Map Guard was designed as a small ELF DSO that gets loaded via LD_PRELOAD by your program and intercepts all calls to mmap, munmap, mremap, and mprotect. By hooking these page level APIs we can enforce security policies such as no-RWX, no static address allocation, guard page allocation, memory poisoning etc without ever modifying the source of the program we want to protect or analyze. Map Guard can be configured to do exactly these things just by modifying an environment variable. Below are Map Guard configurations that are currently supported and an explanation of their implementation:

MG_USE_MAPPING_CACHE - Enables the page mapping cache, an internal data structure used by Map Guard to track pages allocated by mmap. The mapping cache also tracks which protections these memory pages have had over time. Without this tracking data we couldn't implement other functionality such as guard pages or blocking mprotect calls that mark a page previously marked PROT_WRITE as PROT_EXEC.

MG_DISALLOW_RWX - Disallows memory allocations that are marked PROT_READ, PROT_WRITE, PROT_EXEC. This is acheived by hooking calls to mmap and mprotect and checking the protection bits set by the caller. Allowing your program to allocate pages of memory this way helps to reduce the effectiveness of W^X.

MG_DISALLOW_TRANSITION_TO_X - Disallows allocations marked PROT_READ, and PROT_WRITE to ever transition to PROT_EXEC. This is acheived by hooking mprotect and comparing the protection bits against the historical permission bits ever seen for that page.

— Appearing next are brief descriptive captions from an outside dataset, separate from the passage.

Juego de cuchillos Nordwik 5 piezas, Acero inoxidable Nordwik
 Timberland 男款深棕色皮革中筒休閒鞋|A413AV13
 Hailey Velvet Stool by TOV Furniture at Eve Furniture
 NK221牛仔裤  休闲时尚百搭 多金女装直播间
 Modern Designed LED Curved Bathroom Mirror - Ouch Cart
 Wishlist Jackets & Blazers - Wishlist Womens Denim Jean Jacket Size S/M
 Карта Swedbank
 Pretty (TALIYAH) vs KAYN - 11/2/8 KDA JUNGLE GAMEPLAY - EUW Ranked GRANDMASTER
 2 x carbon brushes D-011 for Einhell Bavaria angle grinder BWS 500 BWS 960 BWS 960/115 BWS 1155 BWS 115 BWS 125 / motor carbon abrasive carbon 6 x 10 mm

MG_DISALLOW_TRANSITION_FROM_X - Disallows R-X allocations to ever transition to PROT_WRITE. This is achieved by hooking mprotect and comparing the protection bits against the historical permission bits ever seen for that page.

MG_DISALLOW_STATIC_ADDRESS - Disallows mmap based page allocations requested at a static address. This enforces ASLR by requiring only 0 is provided for the addr argument. When 0 is suppled for the addr argument the operating system will enforce ASLR and return a random page.

MG_ENABLE_GUARD_PAGES - Forces the allocation of both top and bottom guard pages. These guard pages are 1 page in size and are marked with PROT_NONE permissions. These are intended to catch out of bounds reads/writes from the mapping they surround. Unfortunately the allocation of these pages is best effort. Its possible that mmap returns a page with another mapping directly above or below it. In these cases guard page allocation will fail.

MG_PANIC_ON_VIOLATION - Instructs Map Guard to abort the process whenever any of its security policies are violated instead of just returning an error to the caller. This is only for the truly paranoid.

MG_POISON_ON_ALLOCATION - Instructs Map Guard to fill all allocated pages with a byte pattern 0xde. This can be useful when trying to debug uninitialized memory bugs.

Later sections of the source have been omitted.